At the same time, the President cautioned against community policing being viewed as a substitute for work that should be done by the State sanctioned agency, the Guyana Police Force. Rather, he said, the Police Force should work in tandem with communities to offer options to the young people, many of whom may have dropped out of school and are unemployed, making them easy prey for criminality.
“So whether by boat, by foot, by vehicle, by horse, we must go where these community crimes exist and where community safety has to be assured, to allow the regular police to work alongside residents in order to deter crime. We are aware that over its decade of existence, the concept of community policing has been battered…but if community policing is inclusive it can contribute measurably to human safety… It is not a separate organisation, it is a function, not a parallel police force,” he said.
The President noted the requisite systems must be put in place before this can be accomplished. To this end, he announced that the Government will ensure that the Criminal Investigations Department is well-equipped to fulfil its mandate while it will also ensure that the Guyana Police Force is strengthened.
President David Granger inspects the Guard of Honour of Officers from the Guyana Police Force.
Meanwhile, in his address, Commissioner of Police, Mr. Seelall Persaud said that the Conference is organised each year with the aim of identifying areas that need to be strengthened and to plan the agenda for the new year.
In his reflections, he commended the President for initiating ‘Operation Dragnet’, after the crime rate had spiked. “Operation Dragnet has certainly positively impacted the crime and traffic control,” Mr Persaud said, noting that “The Criminal Investigations Department in the latter half of last year coupled with crime prevention methods have served to reduce fear of crime in Guyana.”
The Police Commissioner also praised the stance the new Administration has taken on unprofessional behaviour in the public service, adding that it has “enhanced public confidence [in the Force]” and will make its strategies more effective. He pledged that the Police Force will continue to form partnerships and plans to increase its human resources, establish a gender based violence and sexual offences units, a serial crime investigation division and anti-narcotic units, deploy bicycle patrol units, enhance the use of video analysis technology, and improve the 911 system, among other upgrades, during this year.

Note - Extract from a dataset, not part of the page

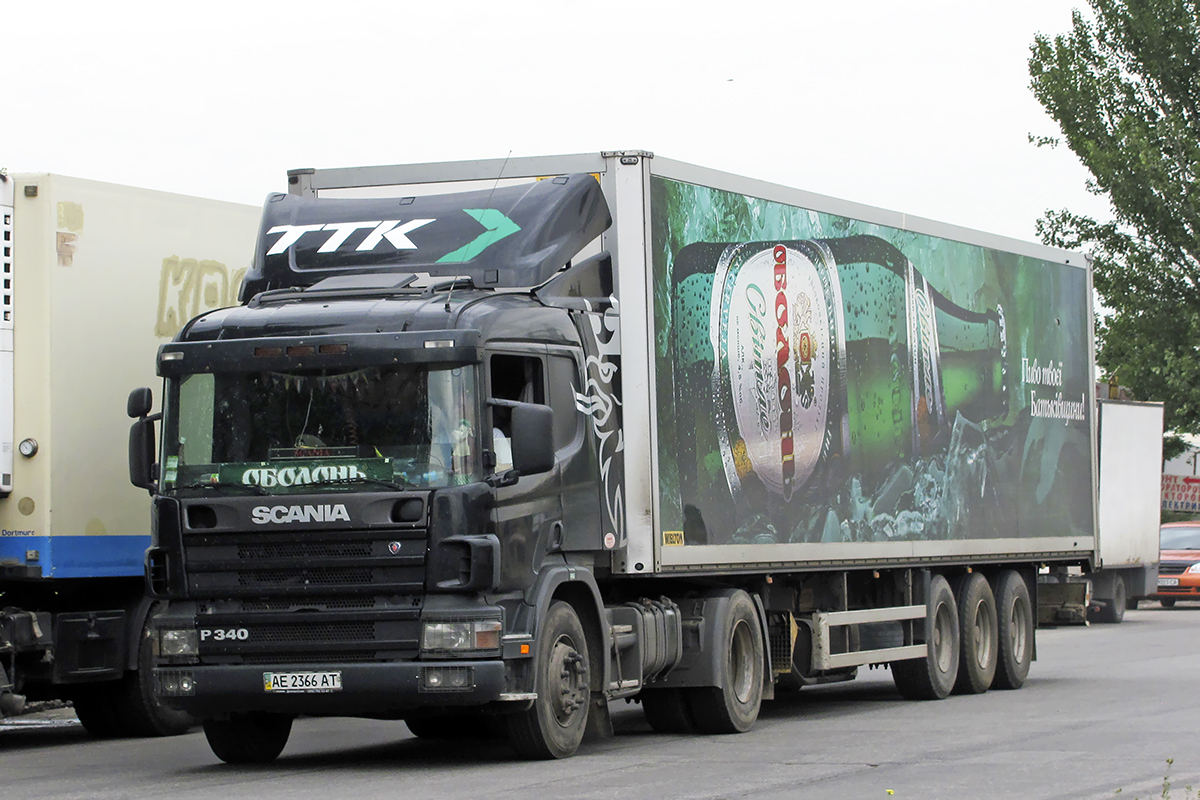 Днепропетровская область, № АЕ 2366 АТ — Scania ('2004) P340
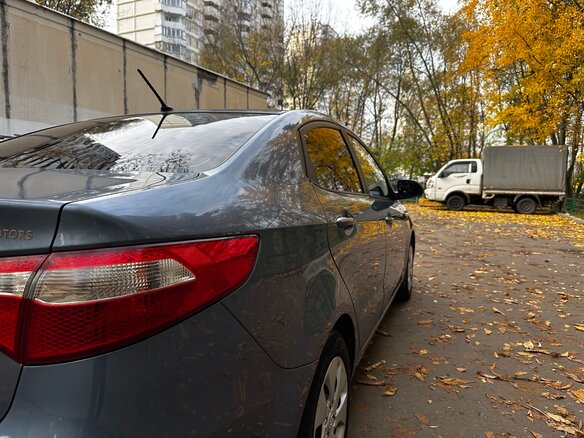 2012 Kia Rio 5-speed III, голубой, 695000 рублей - вид 14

Mr. David Ramnarine, Assistant Commissioner of Police (Administration), said the President’s recommendations have been noted and will be deliberated on as a matter of priority over the next three days.
With regard to the proposed salary increases for the members of the joint services, President Granger said that the Minister of Public Security will be addressing this matter.
“Our Minister of Finance has served notice that we will embark on a consultative process and I will leave that detail up to the Minister of Public Security, but I won’t be involved in any negotiations with any union. All that is based on the recommendations of the Minister of Public Security,” he said.
Commissioner of Police, Mr. Seelall Persaud addresses the meeting
Special Organised Crime Unit
Amidst reports in the media that the Special Organised Crime Unit (SOCU) is starved for funding, President Granger said that money will soon be released for the operations of the unit.
“SOCU is a part of the Police Force and I have already signed the Appropriation Act so monies should be released very shortly. It is up to the Minister of Public Security and the Commissioner of Police to ensure that the money is spent for the purpose for which it has been budgeted…. I am very confident that we will see a change. We have already started seen changes in the particularly in investigations,” he said.